The Victim Witness Assistance Unit in Washington has helped 400-500 witnesses a year with security concerns, including funding for new door locks, home systems, moving expenses and deposits at new apartments.

“They are nervous about cooperating with the govern­ment and what that means,” Friedman says. “Anytime you have a major case out on the street, they are scared.”

The unit has had success at protecting witnesses, but witnesses sometimes put themselves back in harm’s way by telling acquaintances where they are staying or by returning to their old haunts, Friedman says.

Even after a defendant is behind bars, a witness still may not be safe. Inmates in the D.C. Central Detention Facility are told that phone calls are monitored, except for conversations with defense attorneys. Never­the­less, inmates have been prosecuted for attempting to intimidate witnesses by calling accomplices on the outside.

And it’s not just defendants who are involved. Victims and their families sometimes have to deal with threats against witnesses, as the intimidation spills over from the streets into the courtrooms at D.C. Superior Court.

“You sometimes have five or six rough-looking guys in the audience staring down everyone who comes in,” Friedman says. “That’s a very scary thing.”

Even judges who try to draw the line can be at fault. In a unanimous decision in July, the D.C. Court of Appeals reversed convicted murderer Melvin Brown’s 25-year prison sentence and ordered a new trial after finding that D.C. Superior Court Judge Judith Retchin had committed reversible error.
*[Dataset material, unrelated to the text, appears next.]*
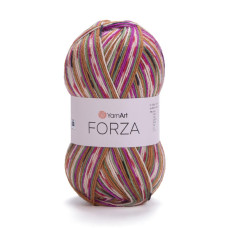 2513 Пряжа Forza 100г-420м (різнокольоровий). YarnArt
At Brown’s trial, Retchin had curtailed the cross-examination of a key government witness who said she was afraid of a spectator in the courtroom because the man—a relative of one of the victims—had previously threatened her and her son with a gun. Defense counsel complained that the man made a hand gesture as if hold­­ing a gun while he listened to the woman’s testimony. Retchin ruled that any threats the witness experienced outside the courtroom were “too ancillary,” especially since the witness had refused witness protection.

Protecting witnesses may help prevent intimidation, but it doesn’t address the underlying causes of the stop-snitching mentality. Trying to change ingrained cultural attitudes is much more difficult than replacing door locks or paying hotel bills.

Minority communities in many inner-city neighborhoods have been hit hard by poverty, unemployment, dysfunctional schools, gun violence and the consequences of America’s drug war that have left a disproportionate number of black men in prison. Many youths look to the street for male role models and find them in gangs, according to numerous studies.

LOCALS TO THE RESCUE

Community groups and local residents have helped law enforcement bridge the gulf of distrust. Peaceaholics, a D.C.-based nonprofit organization, employs ex-offenders in its outreach programs to mediate beefs on the street before bloodshed spreads in tit-for-tat violence. Ronald “Moe” Moten, a D.C. native and Peaceaholics co-founder, spent four years in prison for drug dealing, part of a criminal culture that claimed the lives of his brother and several friends.

The group is “totally against snitching,” but Moten says the term doesn’t apply to neighborhood residents, only to informants who often lie on the stand and accomplices who testify to keep themselves out of prison.

“The street code doesn’t apply to the majority of the community,” he says. “They aren’t being snitches. They’re being good citizens. They are bamboozled into believing they are snitching and are betraying their community.”

Peaceaholics members have been wrongly accused of being “hot”—of being snitches themselves, Moten says. The group, which receives funding from federal grants, foundations and donations, has a mostly positive relationship with the U.S. attorney’s office. “We walk a fine line,” Moten says. “It’s kind of hard to deal with people in the street and with law enforcement.”

The stop-snitching attitude can be changed, but local schools must be improved and residents convinced that law enforcement is on their side, Moten says.

“The people are the government, but they just don’t know,” he says. “If you get one person who will talk, you can intimidate him. But if you have six people, you can’t intimidate everybody. Then snitching would be gone because you have too many people who will come forward.”